Just as trekkers do not desire to walk a trail by a motor road (sidewalks are aplenty in cities as it is) the businesses that were blooming before the jeeps vroomed by are now dying. Perhaps, the ones at top are bustling. If travelers can zoom in and zoom out within a matter of days, the flirtatious few days in “exotic” terrain can be peaked at the peaks – the only places molded to appear rustic and remote to the foreign eye.


Businesses dependent on tourism may experience a loss and gain, simultaneously, as the roads dug start to be paved. More may flood in, race for the ultimate end and rush back to the comforts of Pokhara and Kathmandu.


However, communities that are attempting to be sustainable and that have been “cut off from civilization” so to speak would undeniably welcome the tar lining on their mountains.


Two years ago, I drove from Musikot to Rukumkot in two hours and hiked five hours to get to Mahat. A friend who had followed the same route during the height of our insurgency remarked with delight when I called him from the CDMA landline – “You have connection? You drove most of the way? I walked thirteen hours”. I thought of the roads being constructed even between Rukumkot and Mahat as he screamed with delight “Nepal ma samriddhi hune bho!” Yes, it would seem as the people of parts like Mahat are welcomed into the twenty-first century with cell phone and bus tickets, there would be prosperity.


That same year, I walked some eight hours from Manmga to Narikot in Jumla. I walked on a road fit for driving eight-wheelers (most of the way, anyway) and was shooed into a hut by soldiers as they were blasting off mountain-sides to assist with road construction. I wonder if you can drive right through Jumla and into the mouth of Rara Lake in Mugu today. And I wonder if Rara Lake still holds that magic or not.


The East-West highway, when built, was a revolutionary mechanism for connecting the country. In years past one had to descend the hills and flats of Tarai, enter India, travel the route through India and then ascend to one’s destination by re-entering Nepal. The Mechi-to-Mahakali single strip of highway reduced the time and cost of arduous travel and increased efficiency.
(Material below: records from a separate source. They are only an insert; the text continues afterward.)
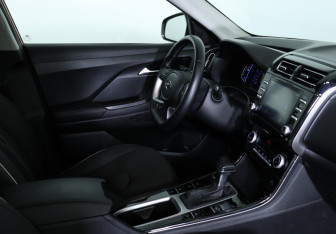 Подержанный автомобиль Hyundai Creta 2021 года (10 фото)
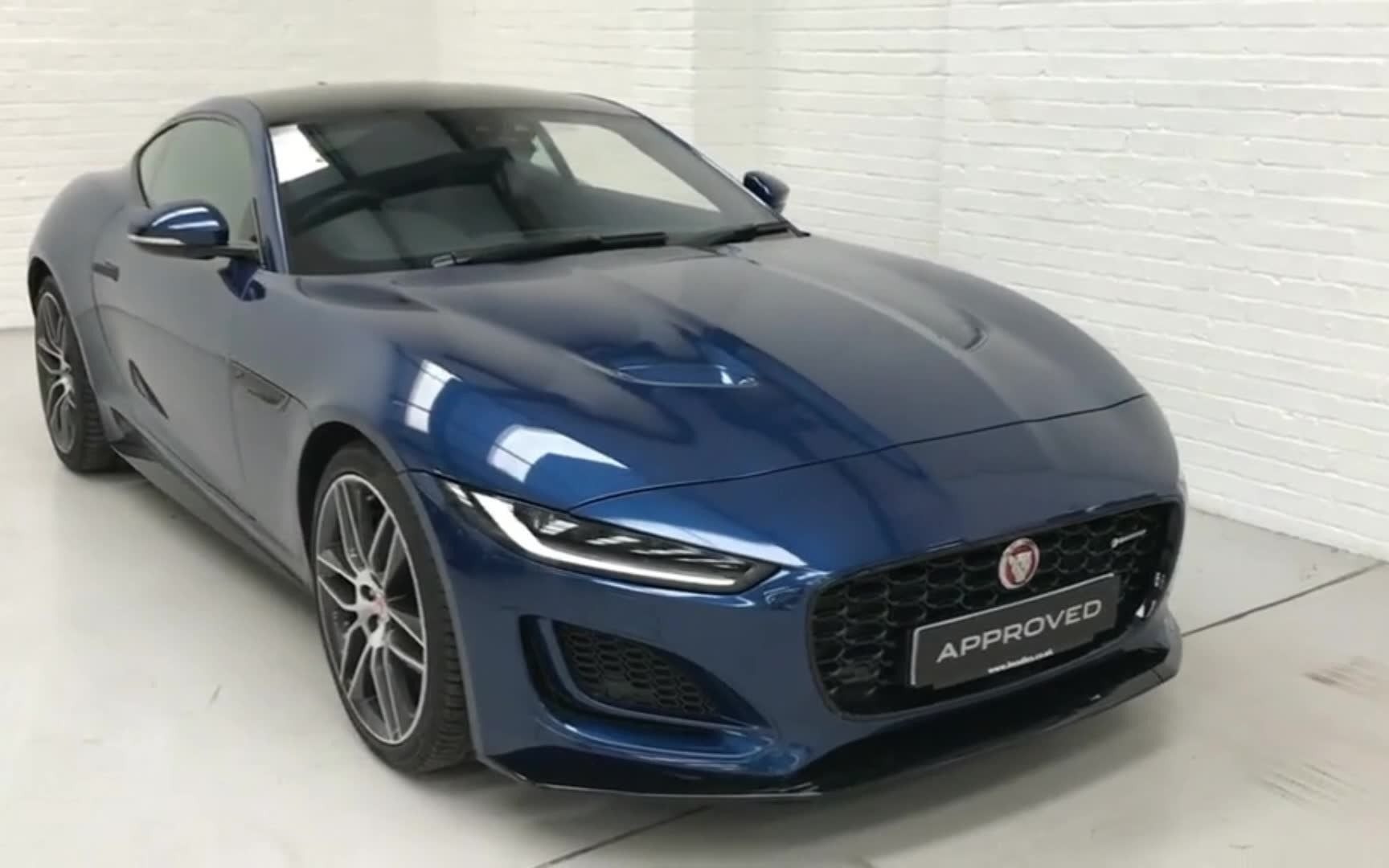 捷豹f-type 2021款p300后驱硬顶版 2.0t 300马力 l4 百公里加速5.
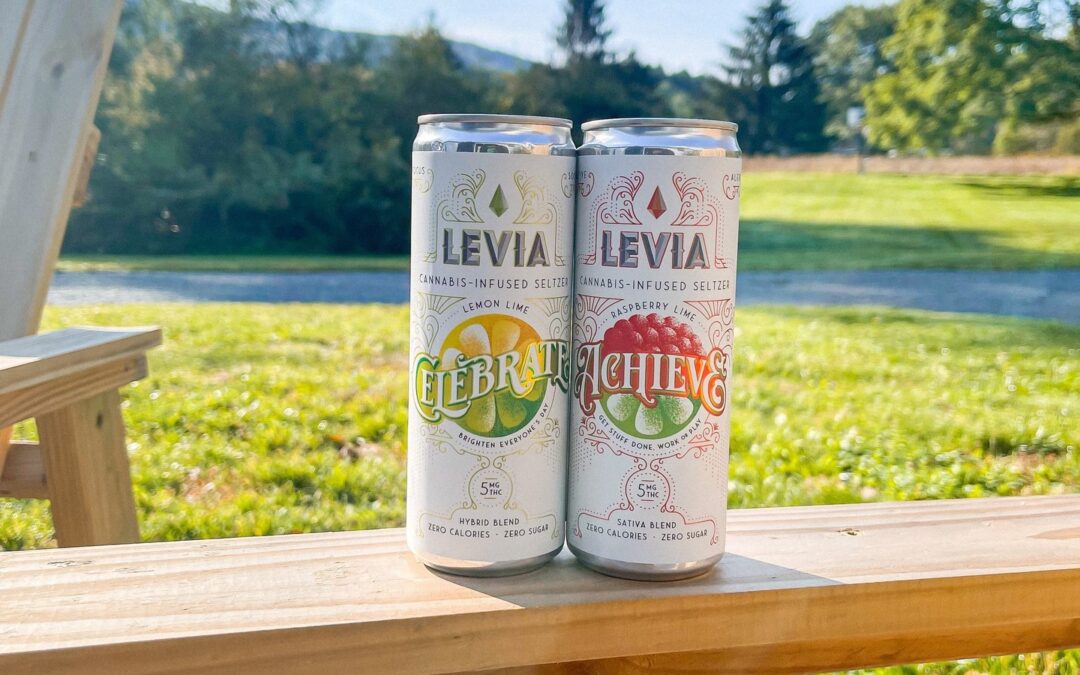 the perfect pairing to enjoy fall in New England  #leviabrands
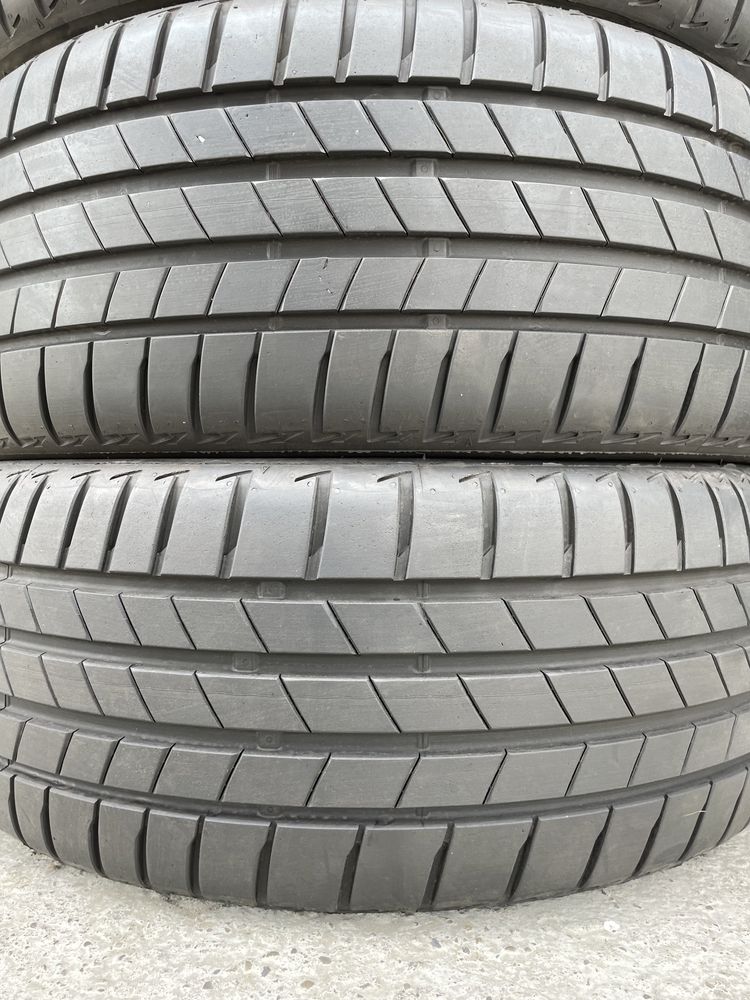 215/50/17 Bridgestone Turanza T005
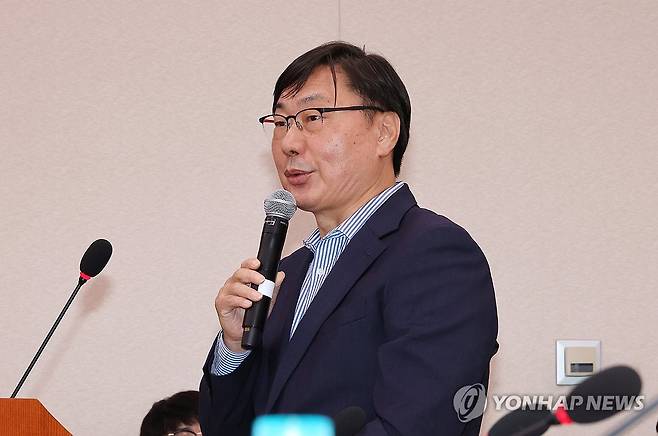 질의에 답변하는 이화영 전 경기도평화부지사 (서울=연합뉴스) 지난해 10월 25일 오후 국회에서 열린 법제사법위원회 국정감사에 증인으로 출석한 이화영 전 경기도평화부지사가 의원 질의에 답변하고 있다. 2024.10.25 [연합뉴스 사진. 재판매 및 DB 금지]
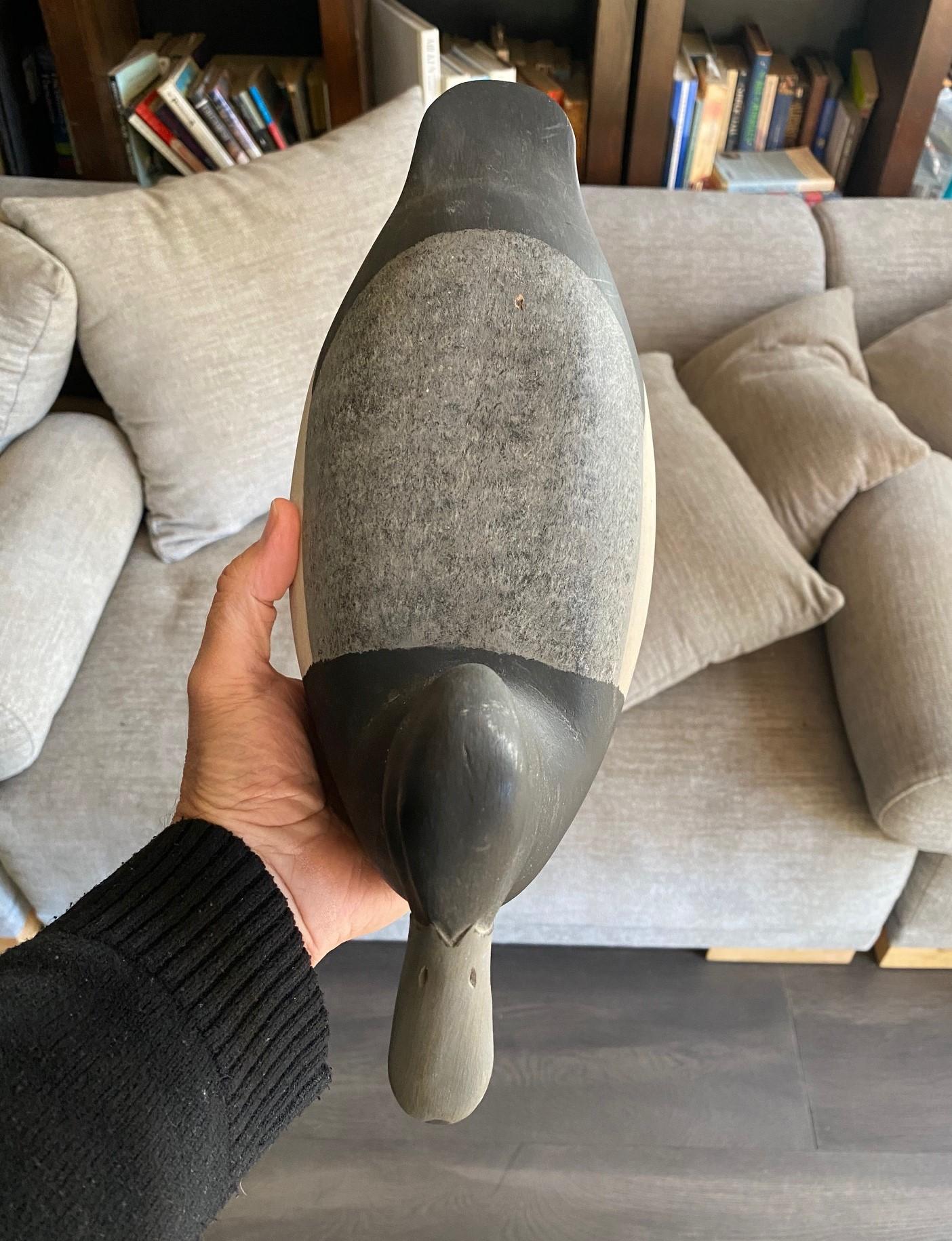 Harry V. Kürbis, signierte antike Vintage-Skulptur aus Holz, Entenmantel-Skulptur im Angebot 6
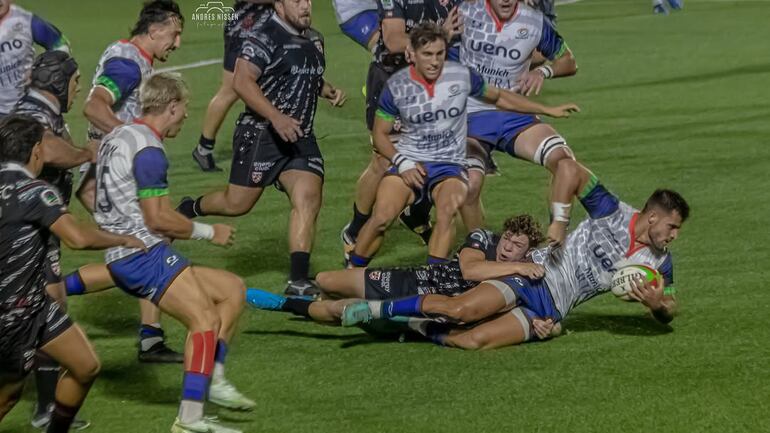 El yacaré Francisco Diez se arroja para convertir el try en Super Rugby. Foto: @andresnipessolani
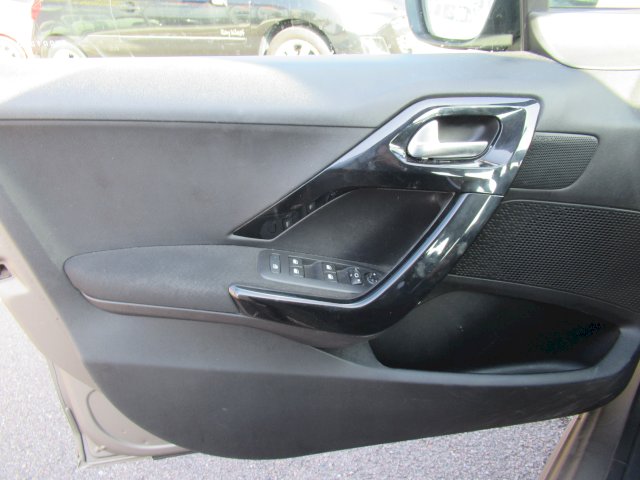 Peugeot Peugeot 208  1.6 BlueHDi 100ch Allure 5p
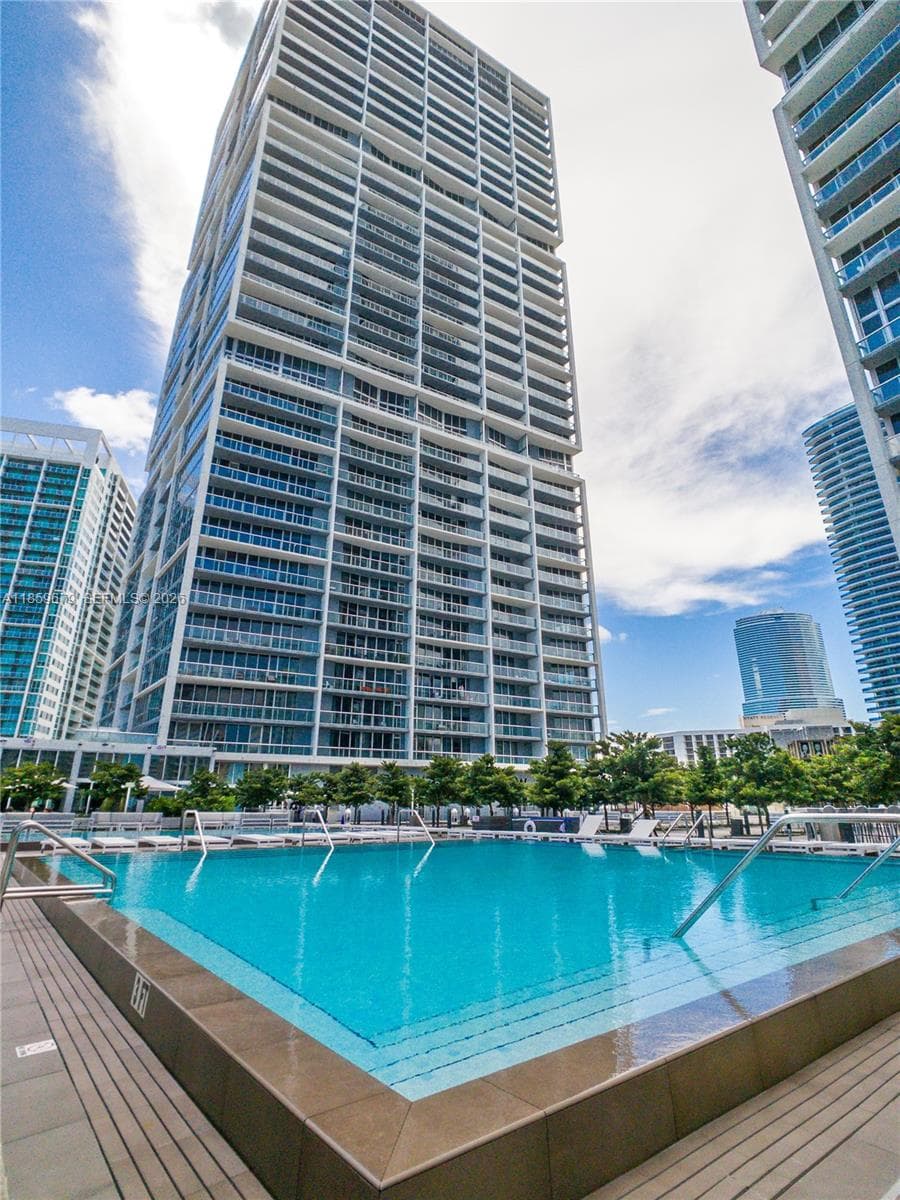 485 Brickell Ave # 2210, Miami FL 33131 — 38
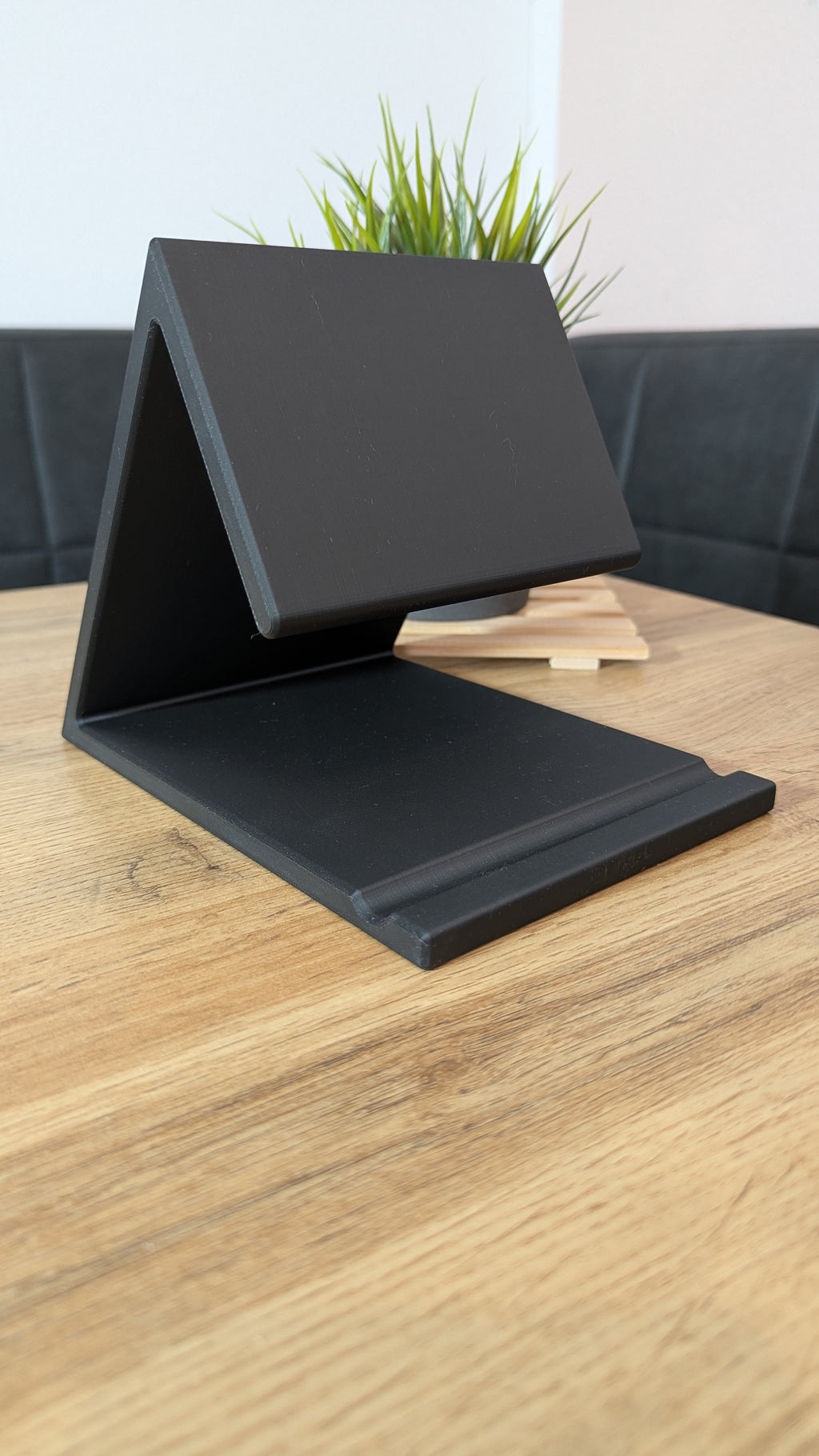 Schlichte Buchstütze mit Platz für Brille/Stift, mit Ebookreader-Halter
Perhaps someone somewhere in that day and age was mourning the death of the “remote”-ness of the adventurous and luscious Tarai - the joy and adventure both pahadis and westerners sought, but perhaps some were also pleased.


As I/NGOs offer food-for-work and the development agenda of the decade is road construction, the virgin hills, and now it would seem mountains, are being hacked and reshaped for motor vehicles to pass through. The proposed (and largely executed) projects will connect the country like never before as every district headquarter will be connected via roads, “Mid-Hill East-West Highway” and the “North-South” highway are more convenient to residents and readily available than rocky runways pretending to be airstrip that serve very few.


As fewer corners of the country will be deprived and disconnected, the same last few will also be corrupted - I mourn and rejoice this development.